I’ll admit, when I got invited on a 7-day cruise aboard the Carnival Sunshine, I wasn’t quite sure what to expect. I’d never been on a cruise before, afterall. Maybe I was assuming I’d be incapacitated by seasickness and confined to my cabin the entire 7 day trip, and so the fact that I wasn’t was pretty much a win in my book (thank you, Bonine).
Seasickness-less aside, however, I was beyond impressed. With the ship. With the service. And most of all, with the food.
Every night the food seemed to get better and better. At one point, around the 5th course of the Chef’s Table dinner, I had to remind myself that I was ON A FREAKING BOAT.
All my presumptions about cruise dining must have come from the 80s. Not that I ever went on a cruise in the 80s, or ever for that matter, but still, you probably have the same picture in your head: big, generic buffets and fancy dining rooms with forced seating and mediocre American fare.

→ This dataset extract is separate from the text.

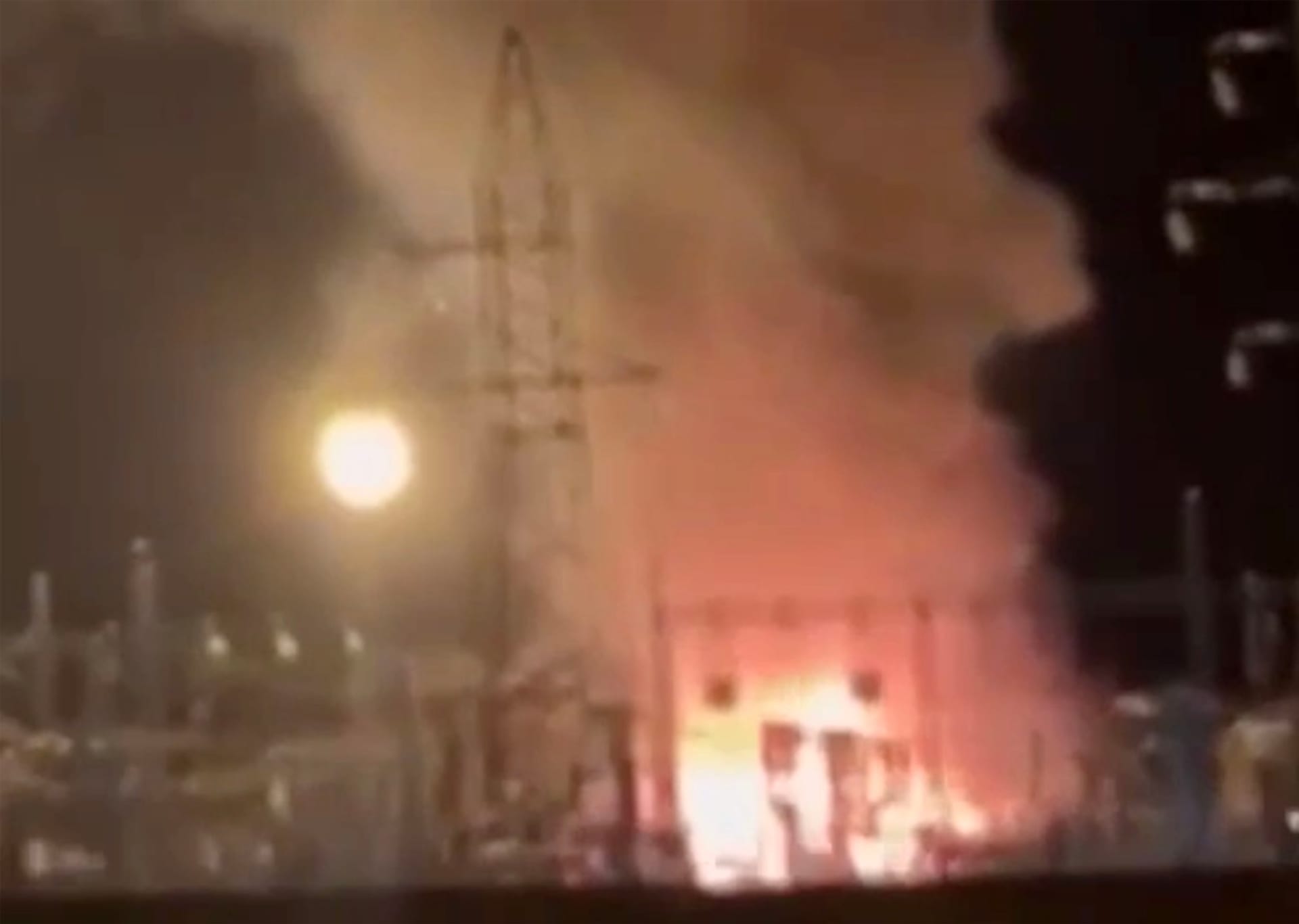 Požár v Belgorodu přisuzují Rusové ukrajinským dronům.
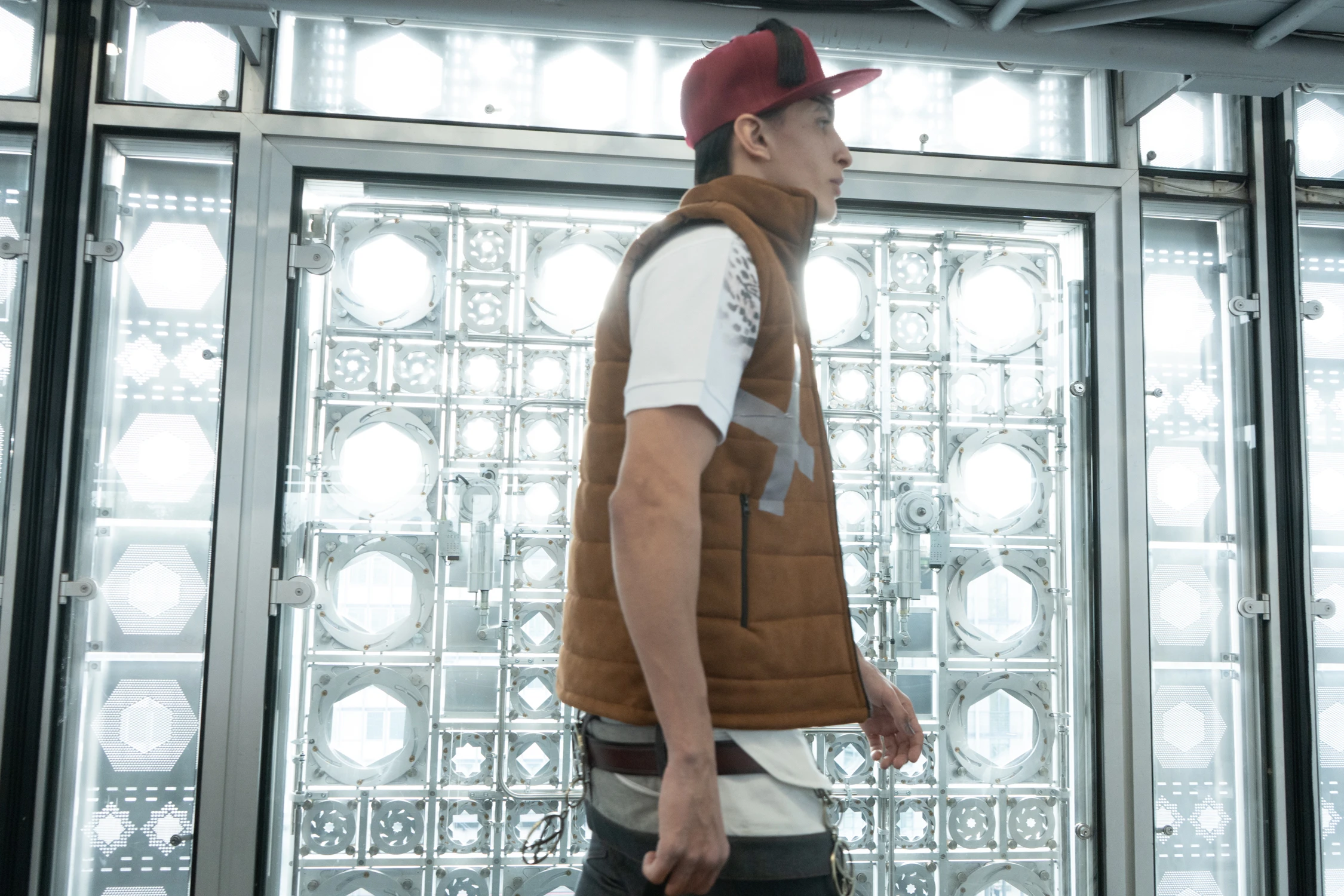 runway, upper body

Amirite?
With the Carnival Sunshine’s “Funship 2.0” updates (a $155 million dollar-retrofit completed in 2013), they have taken their dining to an entirely new level. You are no longer limited to just the buffet or main dining room, but can now choose your own dining experience in one of their 4 specialty restaurants on board the ship. Yes, there are four entire restaurants on the thing. It’s ridiculous. And delicious.
Each night we were able to experience one of the ship’s specialty dining options, including JiJi’s Asian Kitchen, where they started the night off right with these gorgeous sake sangria cocktails (and how’s that for dinner with a view?) Other highlights of this meal were the Hakka-style noodles and the wonton dessert (over a coconut-tapioca pudding that is high on my “to-recreate” list). While JiJi’s is considered a premium dining option, the cost is only $15 per person. For anything you want (so might I suggest ordering one of everything and sharing?) A steal.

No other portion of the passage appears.